WHAT THIS TASK INVOLVES -
Go through the entries below and retype them exactly, omitting each picture.

━━━━━━━━━━━━━━━━

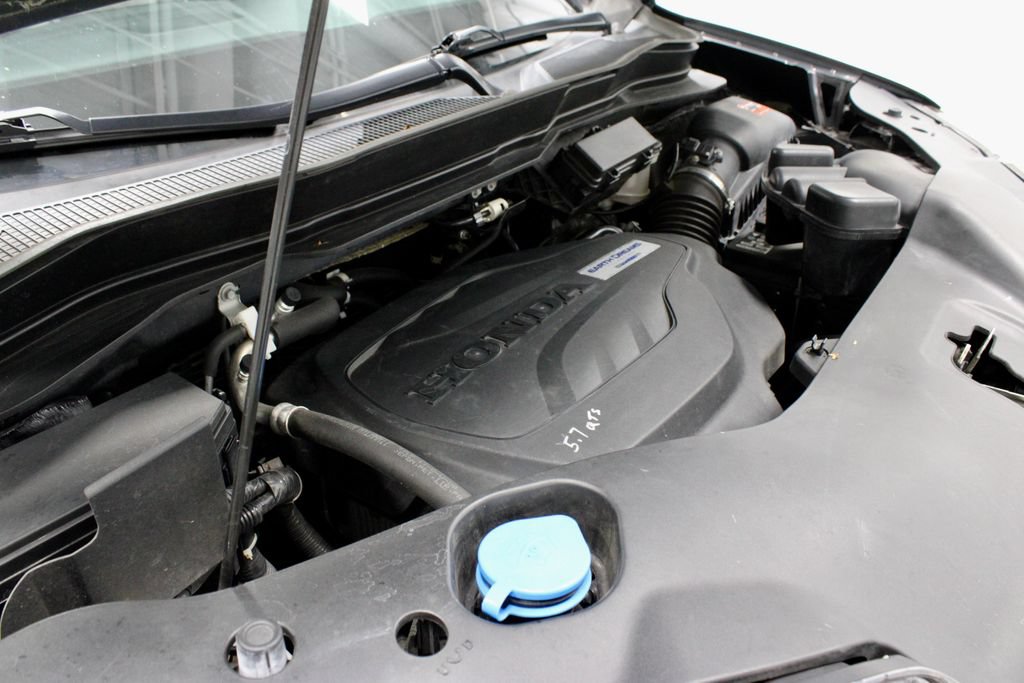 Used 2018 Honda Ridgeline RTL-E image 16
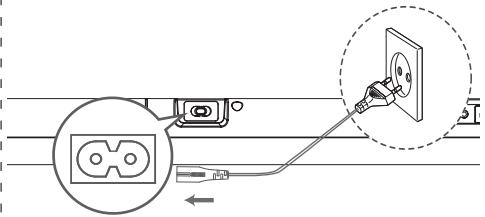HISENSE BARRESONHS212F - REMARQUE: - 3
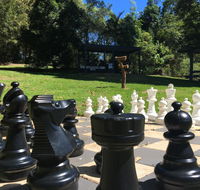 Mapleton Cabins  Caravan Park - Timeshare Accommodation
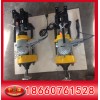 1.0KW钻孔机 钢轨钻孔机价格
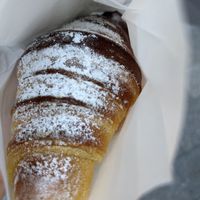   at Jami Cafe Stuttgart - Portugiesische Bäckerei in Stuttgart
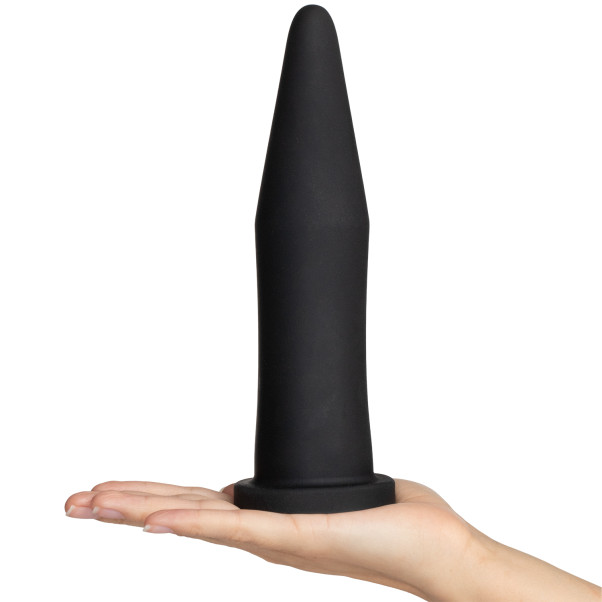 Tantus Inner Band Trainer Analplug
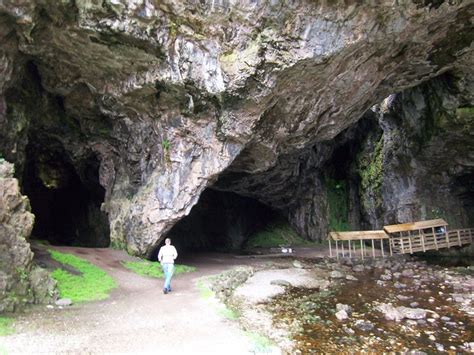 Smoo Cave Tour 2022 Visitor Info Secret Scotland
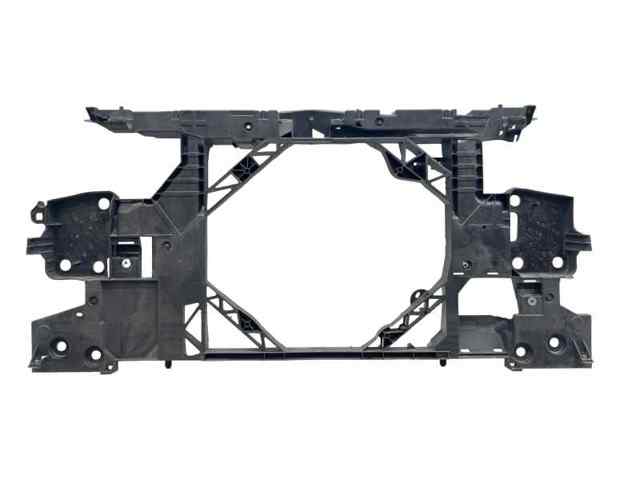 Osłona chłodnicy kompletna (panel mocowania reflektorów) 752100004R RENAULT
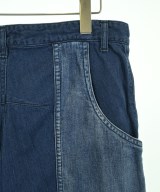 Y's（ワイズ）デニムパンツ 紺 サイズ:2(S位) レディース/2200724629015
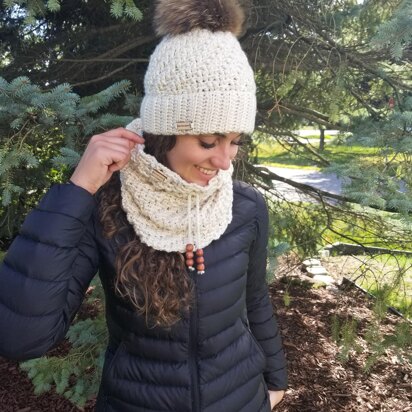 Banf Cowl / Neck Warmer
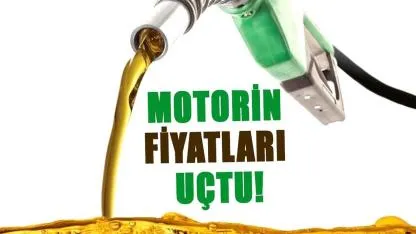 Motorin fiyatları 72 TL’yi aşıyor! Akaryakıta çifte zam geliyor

━━━━━━━━━━━━━━━━

SOLUTION TO THIS TASK -
 Used 2018 Honda Ridgeline RTL-E image 16
HISENSE BARRESONHS212F - REMARQUE: - 3
 Mapleton Cabins  Caravan Park - Timeshare Accommodation
 1.0KW钻孔机 钢轨钻孔机价格
   at Jami Cafe Stuttgart - Portugiesische Bäckerei in Stuttgart
 Tantus Inner Band Trainer Analplug
 Smoo Cave Tour 2022 Visitor Info Secret Scotland
 Osłona chłodnicy kompletna (panel mocowania reflektorów) 752100004R RENAULT
 Y's（ワイズ）デニムパンツ 紺 サイズ:2(S位) レディース/2200724629015
 Banf Cowl / Neck Warmer
 Motorin fiyatları 72 TL’yi aşıyor! Akaryakıta çifte zam geliyor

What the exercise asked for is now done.